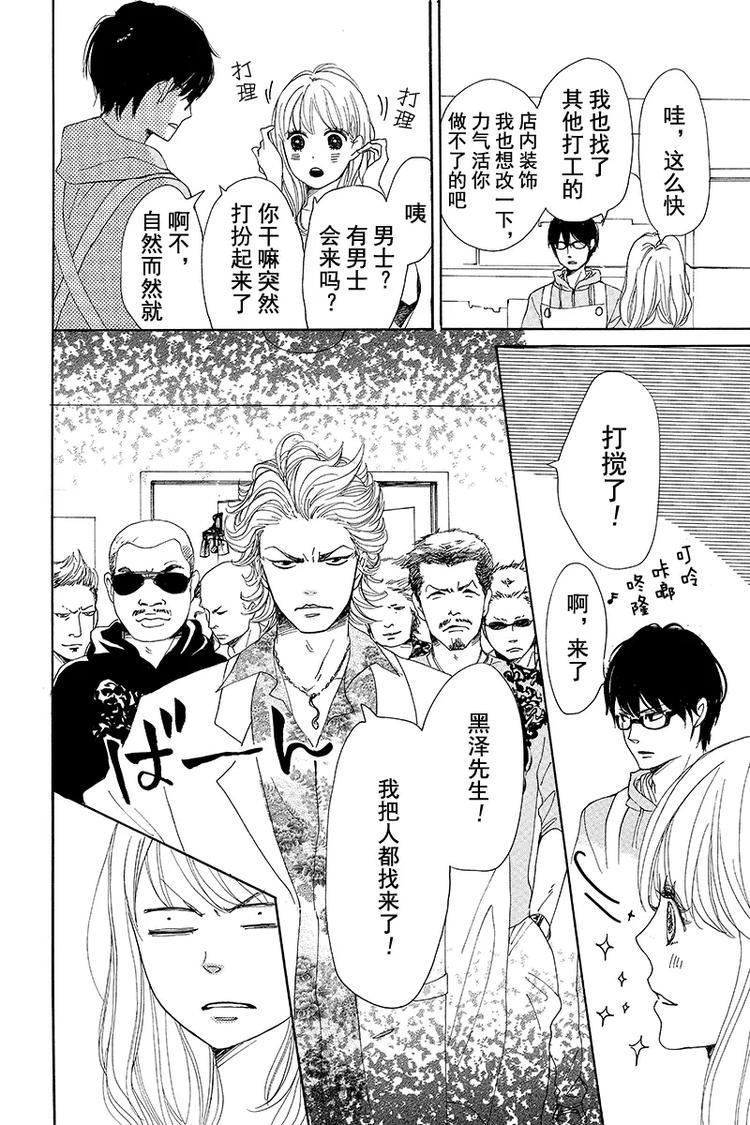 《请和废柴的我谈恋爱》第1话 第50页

* * *

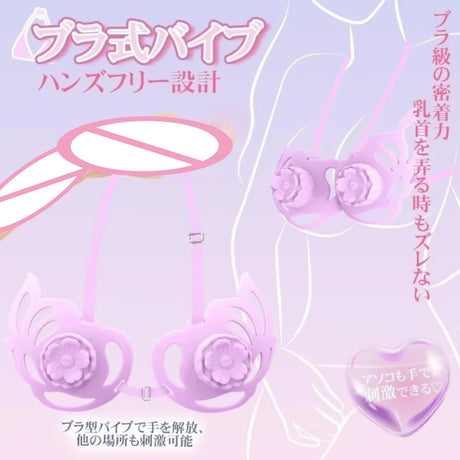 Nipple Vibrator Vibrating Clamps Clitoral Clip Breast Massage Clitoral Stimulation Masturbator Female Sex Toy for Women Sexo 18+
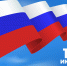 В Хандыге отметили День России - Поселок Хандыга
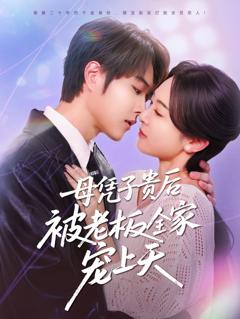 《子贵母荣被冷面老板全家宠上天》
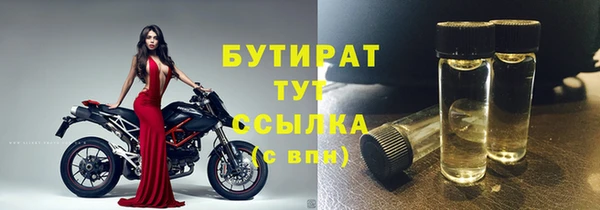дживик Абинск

▶ Problem to work on: The stretch to restate runs from the line above containing "В Хандыге отметили" through the line containing "дживик Абинск". Copy it word for word, ends included, without pictures.

▶ Exercise solution:
 В Хандыге отметили День России - Поселок Хандыга
 《子贵母荣被冷面老板全家宠上天》
дживик Абинск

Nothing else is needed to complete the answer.